This is the kind of album that excites rock critics and college radio DJs and in-the-know music fans for two or three months, until the next album that excites rock critics and college radio DJs and in-the-know music fans comes along. This is the kind of album that keeps us occupied while we're waiting for something that blows our minds. And that's totally OK. This Is Somewhere is honest, it sounds heartfelt, and it's good. There are much worse ways to spend a few months than listening to this album.
The musicianship is competent, the songs are well-written, and the hooks almost get stuck in your head. The lyrics are occasionally thought-provoking and occasionally kind of generic. (For what it's worth, "Ah Mary" is one of the most clever, charming, and subtle political songs I've heard in a long time.) It's a good album that does its thing really well, but it doesn't break any new ground.

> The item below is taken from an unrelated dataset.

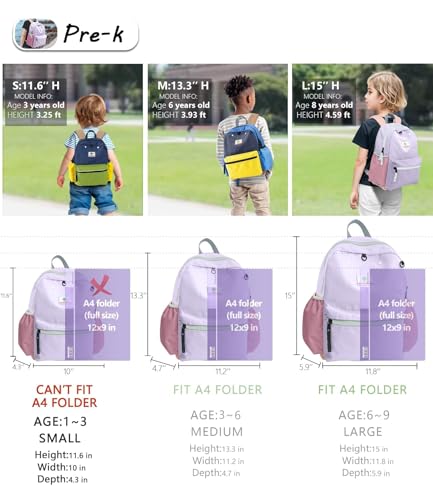 atgark Preschool Toddler Backpack For Boys Girls, School Mini & Travel, Small Kids Child Backpacks, Kindergarten Elementary bag, 11.6" H - color: Lavender, size: Age 1-3 (11.6" H Can't Fit Folder)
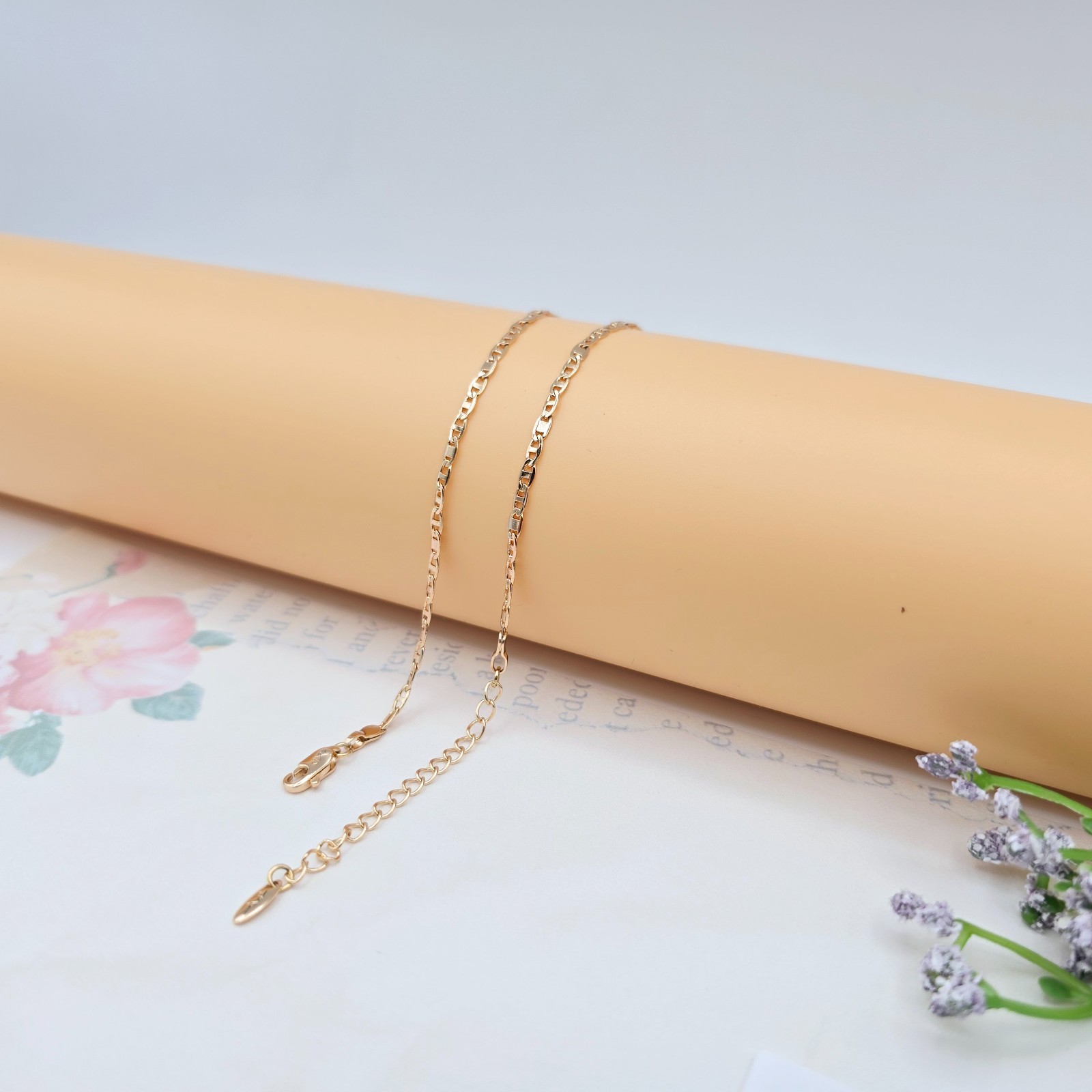 with Polished Flat Links – 45+5cm Adjustable, XPNL0046 Rose Gold Chain Necklace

The cover photo is strong, and I'm annoyed that the good people at EPFL stuck a sticker right on top of it. The image is a little bit abstract, it shows the band without fully showing the band (I assume it's the band on the cover but I can't tell for certain, thanks to that annoying sticker), and it subconsciously conveys the band's roots-rock sound by using props like an old Chevy truck. The inside photos are simple portraits with a great deal of personality. It would've been nice if designer Lawrence Azerrad hadn't skipped class on the day his art school professors discussed how serif typefaces break up at very small sizes.
Listen if you like: Any rootsy American female singer from the past 40 years: Janis Joplin, Bonnie Raitt, Maria McKee, Melissa Etheridge, Sheryl Crow.
If it were food, it'd be: A bag of frozen strawberries on a cold March morning when you're desperately waiting for spring.